Derzeit verdient ein Wachmann zwischen 4,40 Euro in Sachsen-Anhalt und 7,88 Euro die Stunde in Baden-Württemberg. Die Arbeitgeber sind bereit, diese Stundenlöhne – nach bestimmten Regionen differenziert – auf 5,20 bis acht Euro anzuheben. Ob dies Verdi reicht, ist ungewiss. "Die politische Forderung nach 7,50 Euro bundesweit können wir nicht zahlen", sagt BDWS-Hauptgeschäftsführer Harald Olschok.
Garten- und Landschaftsbau
Hier möchte die IG Bau gerne einen branchenweiten Mindestlohn durchsetzen. Die Arbeitgeber haben aber bisher jeglichen Gesprächswunsch abgelehnt. "Wir brauchen keinen Mindestlohn", heiß es vom Bundesverband Garten-, Landschafts- und Sportplatzbau.
Die Arbeitgeber verweisen auf die aus ihrer Sicht schon jetzt hohen Stundenlöhne. Ein ungelernter Aushilfsgärtner verdient demnach 8,32 Euro pro Stunde. Die Gewerkschaft den Kampf aber noch nicht aufgegeben und will im neuen Jahr den Druck verstärken.
Einzelhandel
Die Gewerkschaft Verdi will im deutschen Einzelhandel einen Mindestlohn von 1500 Euro pro Monat durchsetzen, beißt aber bei den Arbeitgebern auf Granit. In laufenden Tarifgesprächen - bei denen es hauptsächlich um die Zuschläge für Arbeit am Abend und am Wochenende geht - spielt der Mindestlohn nur eine untergeordnete Rolle.

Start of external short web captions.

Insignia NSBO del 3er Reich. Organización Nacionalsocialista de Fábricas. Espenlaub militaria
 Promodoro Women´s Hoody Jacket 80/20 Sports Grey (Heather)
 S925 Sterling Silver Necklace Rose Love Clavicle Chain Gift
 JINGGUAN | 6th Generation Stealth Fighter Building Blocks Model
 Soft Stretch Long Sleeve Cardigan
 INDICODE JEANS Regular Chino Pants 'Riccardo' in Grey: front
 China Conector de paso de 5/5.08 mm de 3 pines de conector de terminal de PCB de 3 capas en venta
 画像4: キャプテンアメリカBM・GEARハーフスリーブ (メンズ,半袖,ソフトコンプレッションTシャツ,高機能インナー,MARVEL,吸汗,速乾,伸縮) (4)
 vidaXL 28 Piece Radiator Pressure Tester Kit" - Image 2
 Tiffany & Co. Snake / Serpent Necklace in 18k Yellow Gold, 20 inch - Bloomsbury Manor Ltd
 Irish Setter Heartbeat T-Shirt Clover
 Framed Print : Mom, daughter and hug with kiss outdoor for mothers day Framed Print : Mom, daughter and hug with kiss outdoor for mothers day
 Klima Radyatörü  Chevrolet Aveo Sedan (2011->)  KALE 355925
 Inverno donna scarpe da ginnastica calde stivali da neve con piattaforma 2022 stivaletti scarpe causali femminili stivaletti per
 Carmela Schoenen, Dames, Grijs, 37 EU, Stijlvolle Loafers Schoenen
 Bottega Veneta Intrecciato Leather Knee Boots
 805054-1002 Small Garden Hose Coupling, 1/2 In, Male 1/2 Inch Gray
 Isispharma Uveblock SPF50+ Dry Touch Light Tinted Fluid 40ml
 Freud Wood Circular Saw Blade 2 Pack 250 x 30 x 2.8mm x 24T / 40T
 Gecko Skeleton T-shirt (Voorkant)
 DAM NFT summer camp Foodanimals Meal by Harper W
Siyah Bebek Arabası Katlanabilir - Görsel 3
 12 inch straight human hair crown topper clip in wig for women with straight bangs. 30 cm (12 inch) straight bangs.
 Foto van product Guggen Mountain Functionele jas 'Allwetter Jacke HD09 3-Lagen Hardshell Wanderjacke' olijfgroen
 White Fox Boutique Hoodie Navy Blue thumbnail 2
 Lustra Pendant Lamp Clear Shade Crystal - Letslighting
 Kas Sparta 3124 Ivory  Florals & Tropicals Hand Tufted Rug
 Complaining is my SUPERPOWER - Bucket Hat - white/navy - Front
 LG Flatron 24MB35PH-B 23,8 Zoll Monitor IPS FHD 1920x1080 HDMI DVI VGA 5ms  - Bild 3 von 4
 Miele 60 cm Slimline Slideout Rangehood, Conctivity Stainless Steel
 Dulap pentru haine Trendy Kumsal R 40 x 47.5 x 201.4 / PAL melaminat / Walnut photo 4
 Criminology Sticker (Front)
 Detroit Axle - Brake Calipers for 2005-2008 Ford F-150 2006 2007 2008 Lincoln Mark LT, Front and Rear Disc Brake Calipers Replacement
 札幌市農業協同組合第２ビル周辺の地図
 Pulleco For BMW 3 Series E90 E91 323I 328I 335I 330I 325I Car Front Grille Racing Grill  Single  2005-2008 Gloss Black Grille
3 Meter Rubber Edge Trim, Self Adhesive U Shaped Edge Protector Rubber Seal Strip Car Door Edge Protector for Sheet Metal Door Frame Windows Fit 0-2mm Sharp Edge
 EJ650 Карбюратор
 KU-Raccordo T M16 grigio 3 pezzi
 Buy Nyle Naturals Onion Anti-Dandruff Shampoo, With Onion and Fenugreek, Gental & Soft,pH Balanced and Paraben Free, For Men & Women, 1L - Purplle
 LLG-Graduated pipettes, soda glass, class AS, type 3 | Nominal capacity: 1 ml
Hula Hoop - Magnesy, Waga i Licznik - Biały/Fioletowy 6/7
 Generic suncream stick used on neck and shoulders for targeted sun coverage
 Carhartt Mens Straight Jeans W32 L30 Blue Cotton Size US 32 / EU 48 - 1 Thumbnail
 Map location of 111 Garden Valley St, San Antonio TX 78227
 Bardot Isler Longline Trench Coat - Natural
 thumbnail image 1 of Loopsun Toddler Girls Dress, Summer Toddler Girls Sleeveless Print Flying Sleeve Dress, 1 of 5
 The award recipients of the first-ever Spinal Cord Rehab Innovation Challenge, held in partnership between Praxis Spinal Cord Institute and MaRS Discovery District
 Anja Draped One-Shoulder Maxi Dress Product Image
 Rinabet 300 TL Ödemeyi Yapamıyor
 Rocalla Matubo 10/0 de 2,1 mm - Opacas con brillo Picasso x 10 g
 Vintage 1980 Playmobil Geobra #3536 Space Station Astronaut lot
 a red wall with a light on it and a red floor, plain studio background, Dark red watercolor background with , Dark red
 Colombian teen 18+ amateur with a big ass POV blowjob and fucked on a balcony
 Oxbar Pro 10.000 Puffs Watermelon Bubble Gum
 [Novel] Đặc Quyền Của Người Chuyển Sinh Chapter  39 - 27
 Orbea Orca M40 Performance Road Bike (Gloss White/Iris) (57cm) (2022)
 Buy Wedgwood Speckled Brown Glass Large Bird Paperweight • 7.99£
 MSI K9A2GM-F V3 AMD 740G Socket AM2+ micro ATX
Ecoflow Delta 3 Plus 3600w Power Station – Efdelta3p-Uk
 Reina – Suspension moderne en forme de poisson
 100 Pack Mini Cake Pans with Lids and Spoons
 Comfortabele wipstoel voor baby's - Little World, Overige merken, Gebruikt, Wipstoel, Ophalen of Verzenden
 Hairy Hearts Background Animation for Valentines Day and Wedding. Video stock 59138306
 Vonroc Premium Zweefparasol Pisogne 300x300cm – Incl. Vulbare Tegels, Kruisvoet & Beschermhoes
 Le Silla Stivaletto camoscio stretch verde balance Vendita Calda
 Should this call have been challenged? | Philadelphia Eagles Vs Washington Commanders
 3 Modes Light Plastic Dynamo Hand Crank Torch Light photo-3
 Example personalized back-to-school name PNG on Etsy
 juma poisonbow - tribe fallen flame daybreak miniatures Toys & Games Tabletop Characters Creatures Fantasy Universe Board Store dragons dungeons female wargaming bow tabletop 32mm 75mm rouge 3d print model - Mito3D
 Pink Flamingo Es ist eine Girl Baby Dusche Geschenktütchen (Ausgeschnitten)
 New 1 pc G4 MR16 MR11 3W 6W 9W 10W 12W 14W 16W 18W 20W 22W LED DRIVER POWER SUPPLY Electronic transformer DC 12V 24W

Nach Ansicht des Branchenverbands HDE sind gesetzliche Mindestlöhne nicht beschäftigungsfördernd. "Die populistische These, dass jeder von seinem Arbeitseinkommen leben können muss, führt in dieser Debatte nicht weiter", sagt HDE-Präsident Josef Sanktjohanser. Zu vielschichtig seien die Zusammenhänge zwischen der staatlichen Sozialpolitik und den Arbeitsmarktbedingungen für die Wirtschaft.
Zeitarbeit
In der Zeitarbeitsbranche haben die Arbeitgeberverbände BZW und IgZ mit den Gewerkschaften bereits einen Branchen-Tarifvertrag, der auch einen Mindestlohn enthält, geschlossen. Er sieht eine Lohnuntergrenze von 7,15 Euro vor, die im kommenden Jahr auf 7,38 angehoben werden soll. "Der Branchenmindestlohn ist aus unserer Sicht marktverträglich, wirtschaftlich vertretbar und mit Augenmaß abgeschlossen", sagt BZA-Präsident Volker Enkerts.
Ein Antrag auf eine Allgemeinverbindlichkeitserklärung liegt beim Bundesarbeitsministerium, ist aber noch nicht entschieden. Grund sind weitere Tarifverträge, die der Christliche Gewerkschaftsbund geschlossen hat. Der DGB will nicht mit den anderen Gewerkschaften zusammenarbeiten.